この日の最後は「お昼ごはん柏屋」で、交流会に登場したメンバーと懇親会。広野町の食材を使った料理や、地元産のみかんで作った「みかんサイダー」を楽しみながら、町に関する話題に花が咲き、賑やかな時間を過ごしました。
ツアー2日目
役場やJヴィレッジなど町のランドマークを見学
翌日は朝からあいにくの雨模様で、予定していた日の出鑑賞はできず。
ツアーに同行している広野町復興企画課の横田侑哉さんからは「その代わりと言ってはなんですが」と、現在テレビ東京系で放映中の福島沿岸地域を舞台にしたドラマ「風のふく島」で広野町の美しい海や朝日の映像が見られることを教えていただきました。
2日目の最初の目的地は広野町役場。実はこちらには町内で出土したという化石の同種「チンタオサウルス」の化石の骨格標本が展示されています。全長約7メートルの迫力ある姿を前に、太古の広野町に思いを馳せる参加者たち。ガイドブックには乗らない町の魅力を知ることができるのもツアーの醍醐味かもしれません。

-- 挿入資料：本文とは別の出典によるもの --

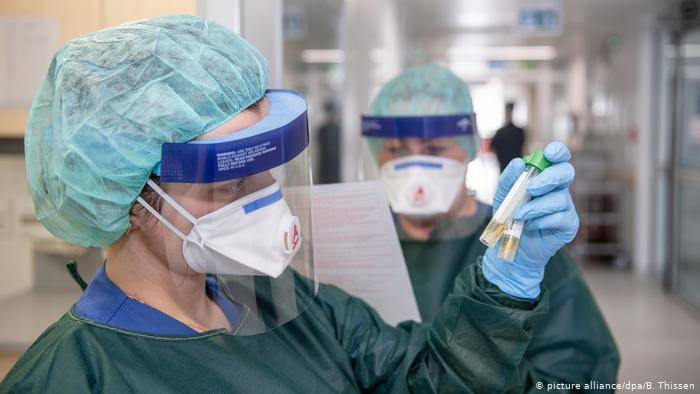 Tại Đức, với tổng số 27 ca nhiễm bệnh, chính phủ liên bang thông báo thành lập nhóm giải quyết khủng hoảng giữa các bộ ngành liên quan. Nhóm này do Bộ Nội vụ và Bộ Y tế đứng đầu.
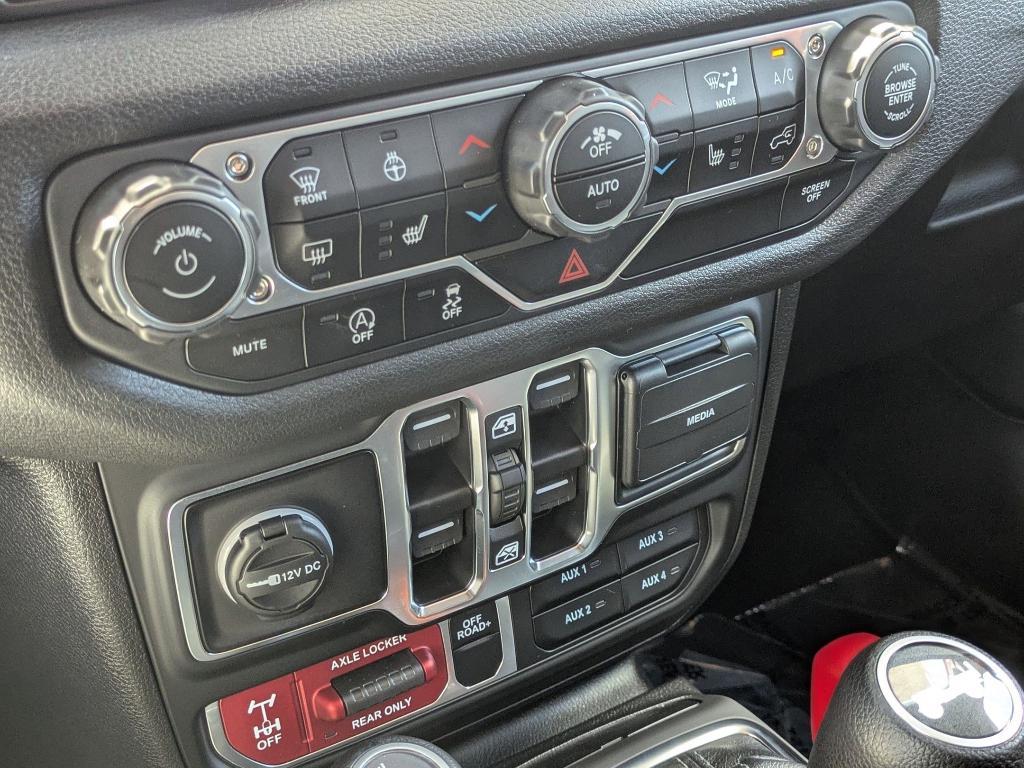 new 2025 Jeep Wrangler car, priced at $61,165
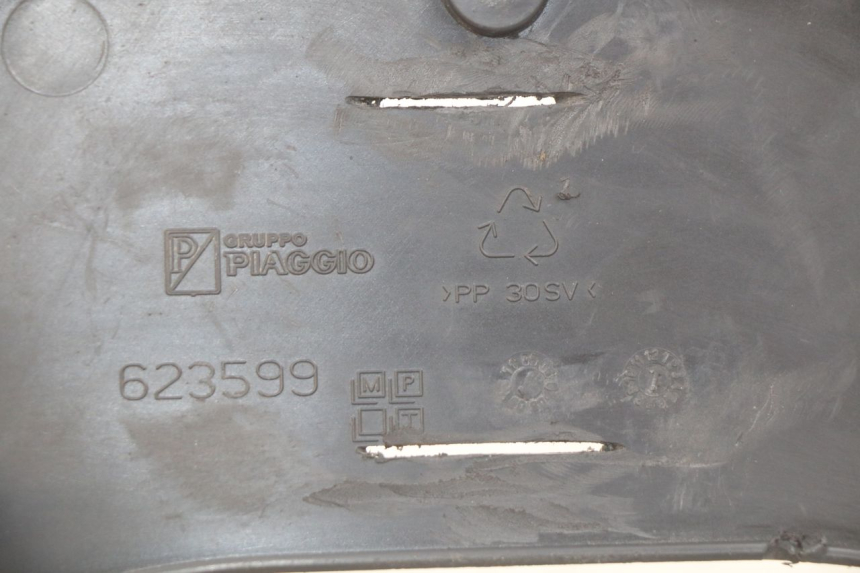 photo de TAMPA DE INSPEÇÃO PIAGGIO MP3 LT 400 (2007 - 2012) - Detalhe da peça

その後は、お隣の楢葉町へ移動し、「道の駅ならは」でしばしの自由時間。
地場野菜のコーナーの安さに驚く人、おみやげ選びに夢中な人と、思い思いに買い物を楽しんだ後は、サッカーの聖地「Jヴィレッジ」へ。この日はちょうどU-18日本代表やU-17日本高校選抜ら、国内最高峰のU18プレミアリーグ2025に所属する7チームが参加して行われる「第7回J-VILLAGE CUP U-18」が開催中。今まさに試合が行われているピッチに後髪をひかれつつ、施設内を見学します。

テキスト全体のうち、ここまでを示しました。